• _Source data_:
........

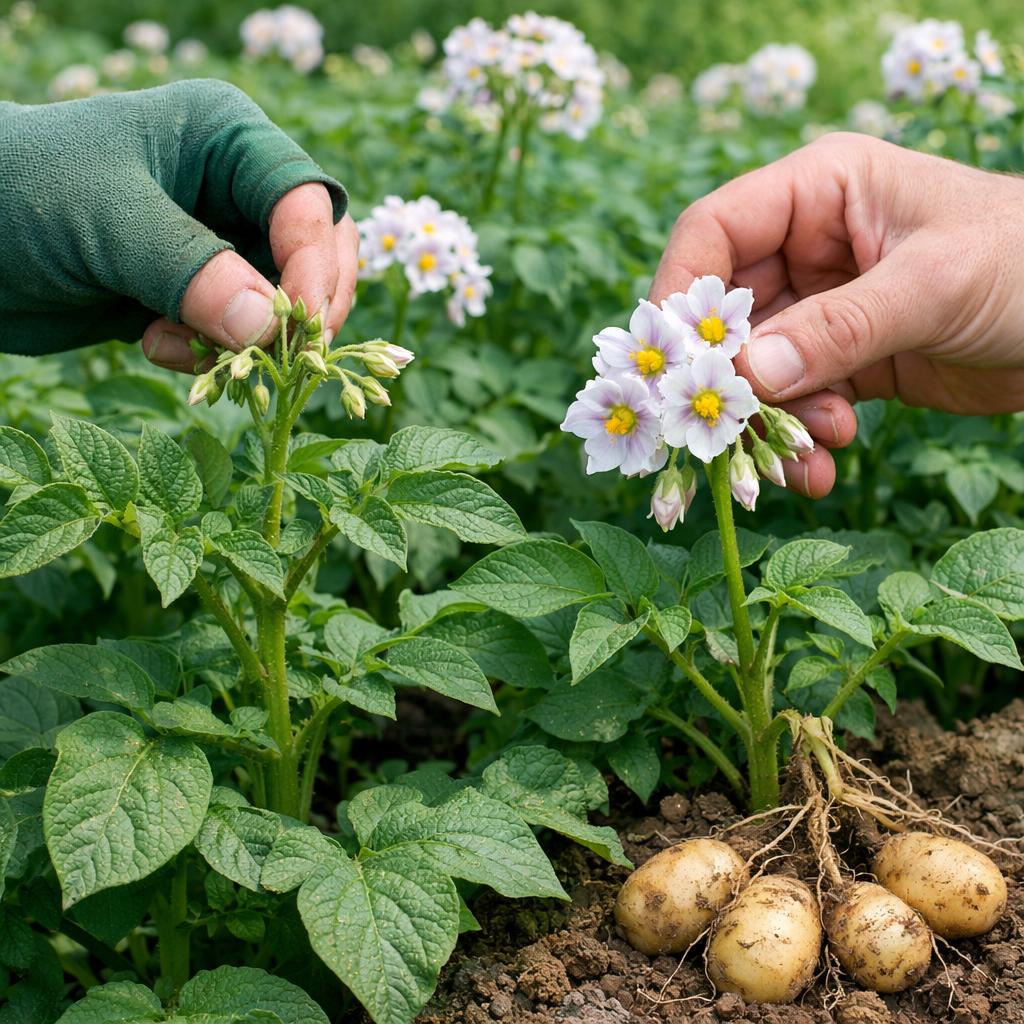 Нужно ли обрабатывать цветки картофеля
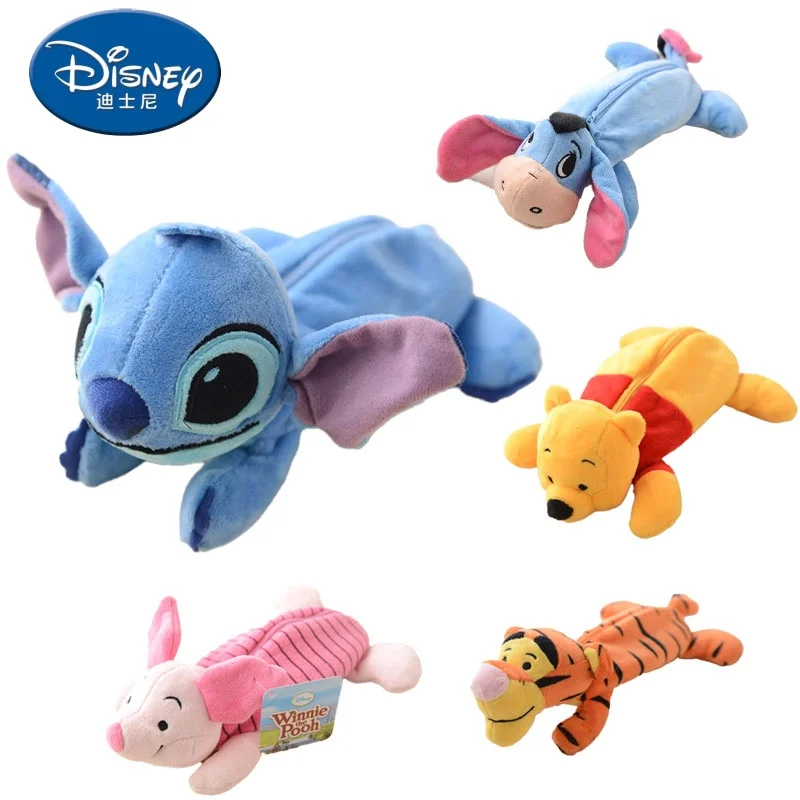 Disney Stitch аниме детская сумка-карандаш для хранения косметики аниме Kawaii Winnie косметичка портмоне кошелек сумка детские игрушки подарки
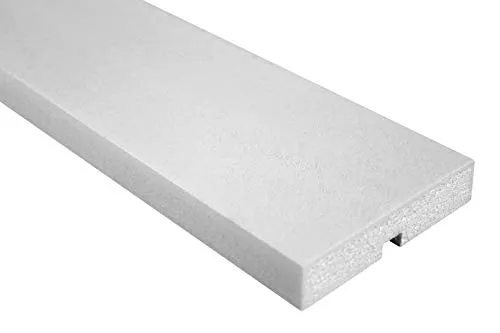 Fassaden Zierprofil MC144 2 - 25x110mm - Zier- & Stuckleisten, 2000mm lang, UV-beständig, stoßfest und überstreichbar. Verleiht Ihrer Fassade einen besonderen Akzent mit langer Lebensdauer.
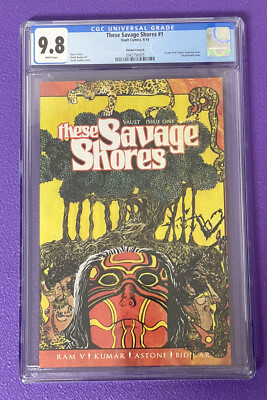 These Savage Shores #1 CGC 9.8  Vault Comics 2018 1st Print Luchins Variant RARE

........

• _What to do_:
Print the material again, unchanged, without its pictures.

• _Result of the exercise_:
 Нужно ли обрабатывать цветки картофеля
 Disney Stitch аниме детская сумка-карандаш для хранения косметики аниме Kawaii Winnie косметичка портмоне кошелек сумка детские игрушки подарки
 Fassaden Zierprofil MC144 2 - 25x110mm - Zier- & Stuckleisten, 2000mm lang, UV-beständig, stoßfest und überstreichbar. Verleiht Ihrer Fassade einen besonderen Akzent mit langer Lebensdauer.
 These Savage Shores #1 CGC 9.8  Vault Comics 2018 1st Print Luchins Variant RARE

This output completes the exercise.